La crianza y el tiempo: El uso de barricas de primer uso, el tiempo que el vino descansa en estiba antes de salir al mercado y la inmovilización de ese capital financiero impactan directo en el costo final.
El valor de marca: El prestigio histórico de una bodega pesa. Hay etiquetas que son "aspiracionales" y eso se paga.
El "Best Buy": el verdadero triunfo del consumidor
Aquí es donde se pone interesante para nosotros. Cuando un vino de precio acomodado logra el mismo puntaje que un ícono, estamos ante un "Best Buy" (una compra inteligente). Esto habla de una excelencia técnica en la bodega y de una eficiencia en la producción que beneficia al consumidor.
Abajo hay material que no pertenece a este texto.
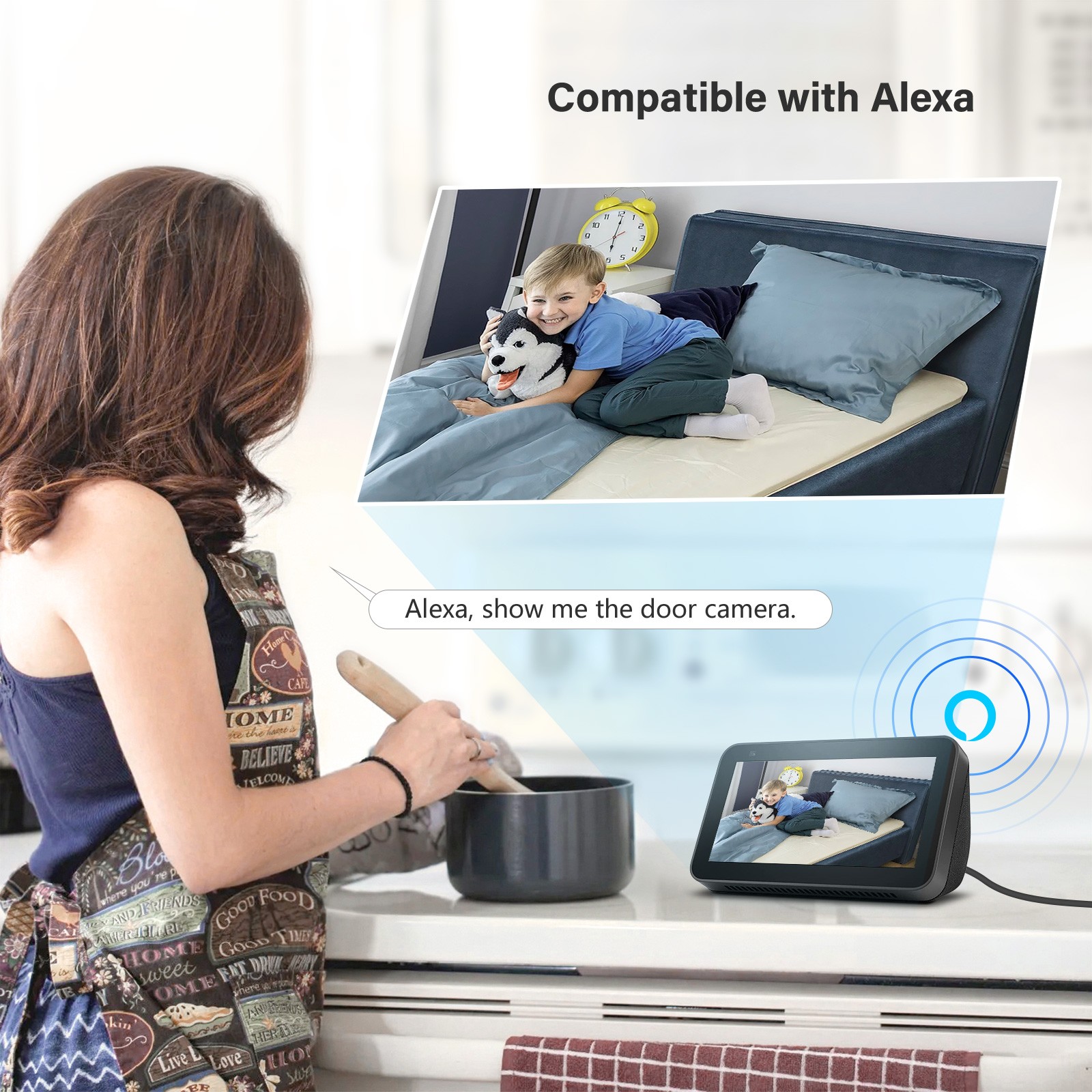 4-Pack 2.4G WiFi 3MP Security Camera System Smart Outdoor Color Night Vision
Sin embargo, hay algo que el puntaje no siempre nos dice: el potencial de guarda. A menudo, dos vinos pueden tener 94 puntos hoy, pero el más caro suele estar diseñado para evolucionar durante 20 años, mientras que el más económico quizás está en su pico de gloria ahora mismo.
Mi consejo de siempre
Los puntos son una guía, una referencia útil para no navegar a ciegas, pero no son una verdad absoluta. Un vino de 90 puntos que cuesta 10 dólares puede darte la misma felicidad en un asado que uno de 90 puntos de 100 dólares en una cena de gala.
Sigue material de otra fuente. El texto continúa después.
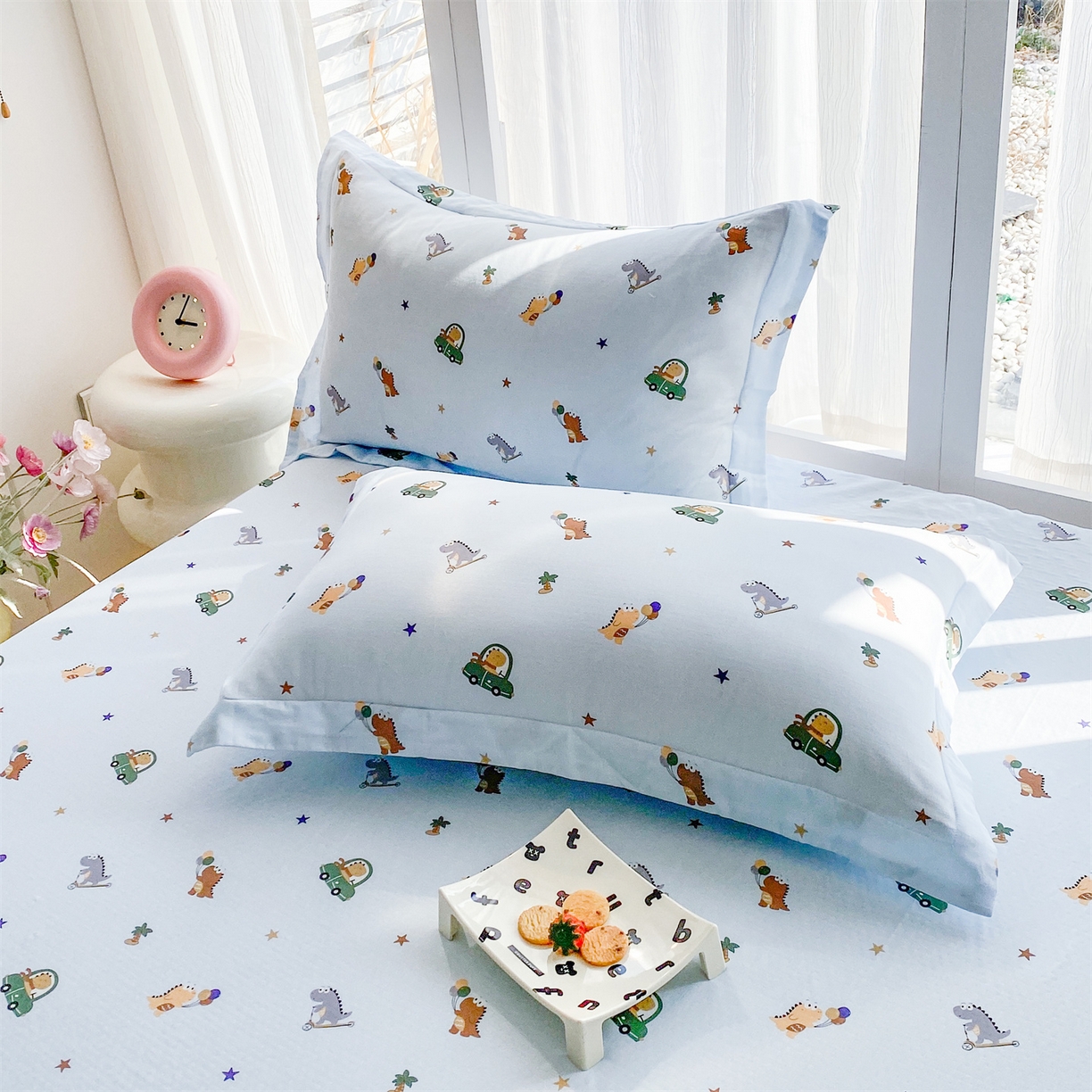 91家纺网 家纺一手货源 找家纺 （总）金喜 2026新款纯棉有氧A类全棉双层纱卡通床单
La próxima vez que veas esa paridad de puntajes con disparidad de precios, no pienses que hay un error. Pensá que tenés una oportunidad de elegir: ¿querés la perfección técnica del momento o estás pagando por la historia, el potencial de guarda y el terroir exclusivo?
Como siempre digo, el mejor vino es el que a vos te gusta, pero entender por qué pagamos lo que pagamos nos hace consumidores mucho más libres.